## DATA EXCERPTS

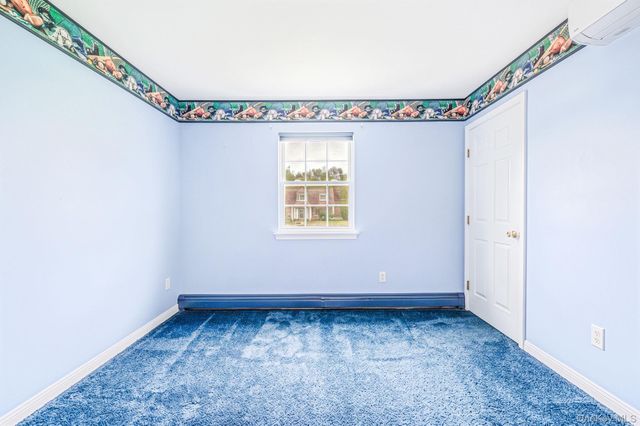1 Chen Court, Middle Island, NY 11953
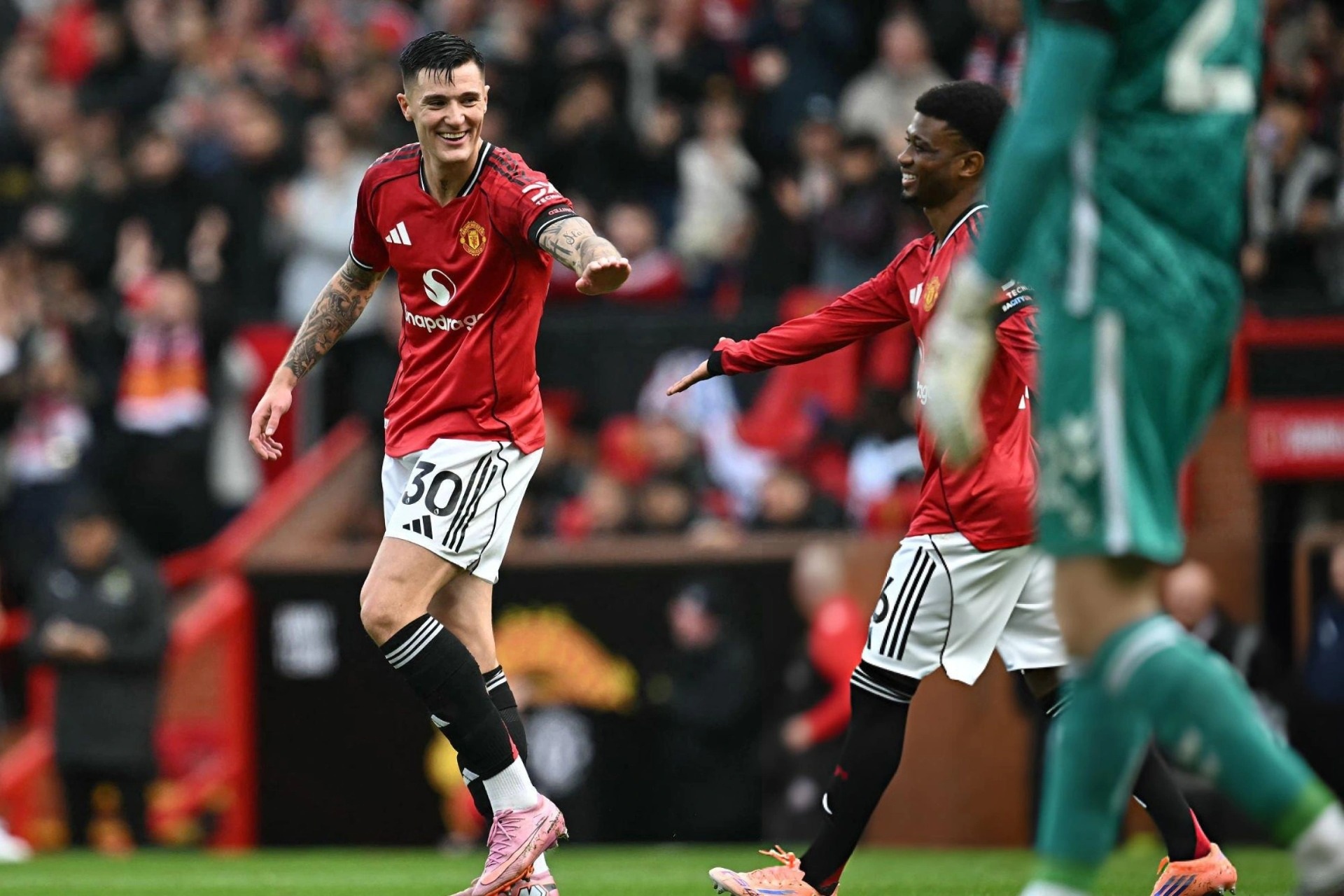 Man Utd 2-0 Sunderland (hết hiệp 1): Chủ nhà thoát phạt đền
---
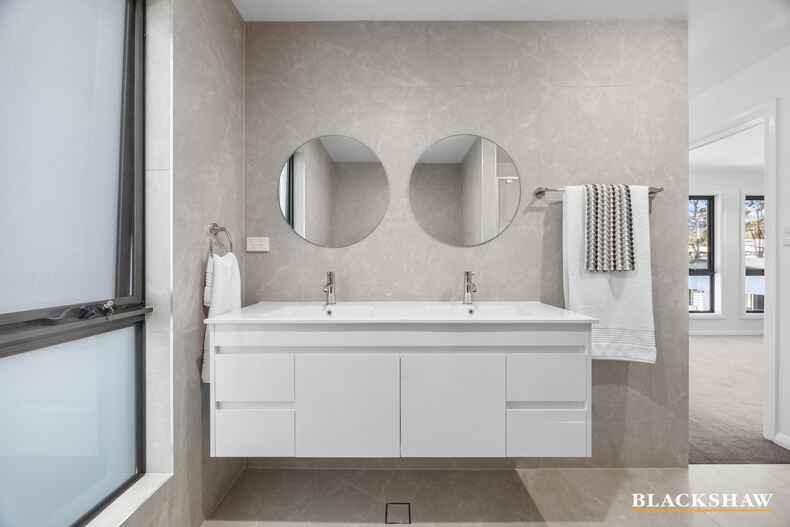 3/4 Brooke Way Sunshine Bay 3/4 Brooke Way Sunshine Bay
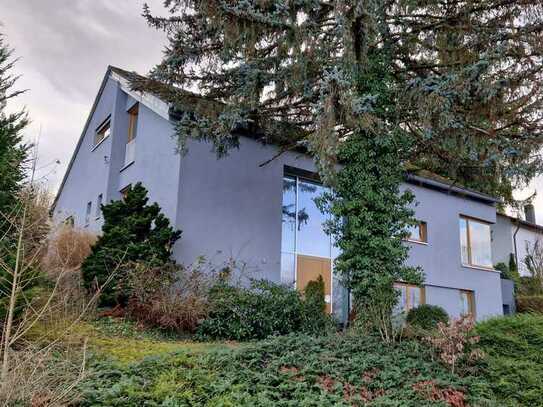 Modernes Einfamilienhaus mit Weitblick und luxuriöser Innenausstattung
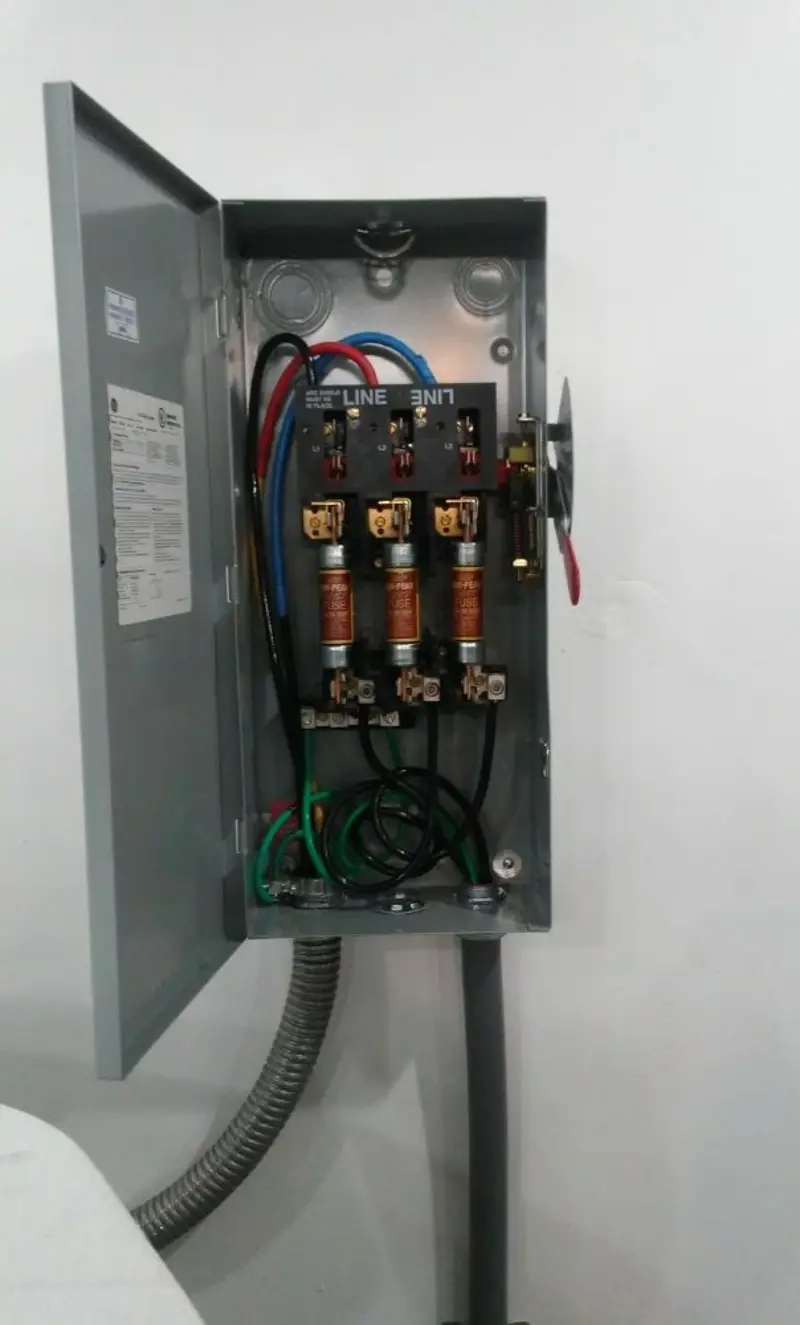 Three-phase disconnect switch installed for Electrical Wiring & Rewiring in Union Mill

## REQUIRED ACTION
The material above holds pictures; leave them out. Repeat exactly the lines from the one containing "1 Chen Court, Middle Island, NY 11953" through the one containing "Man Utd 2-0", and nothing else.

## COMPLETED TASK
1 Chen Court, Middle Island, NY 11953
 Man Utd 2-0 Sunderland (hết hiệp 1): Chủ nhà thoát phạt đền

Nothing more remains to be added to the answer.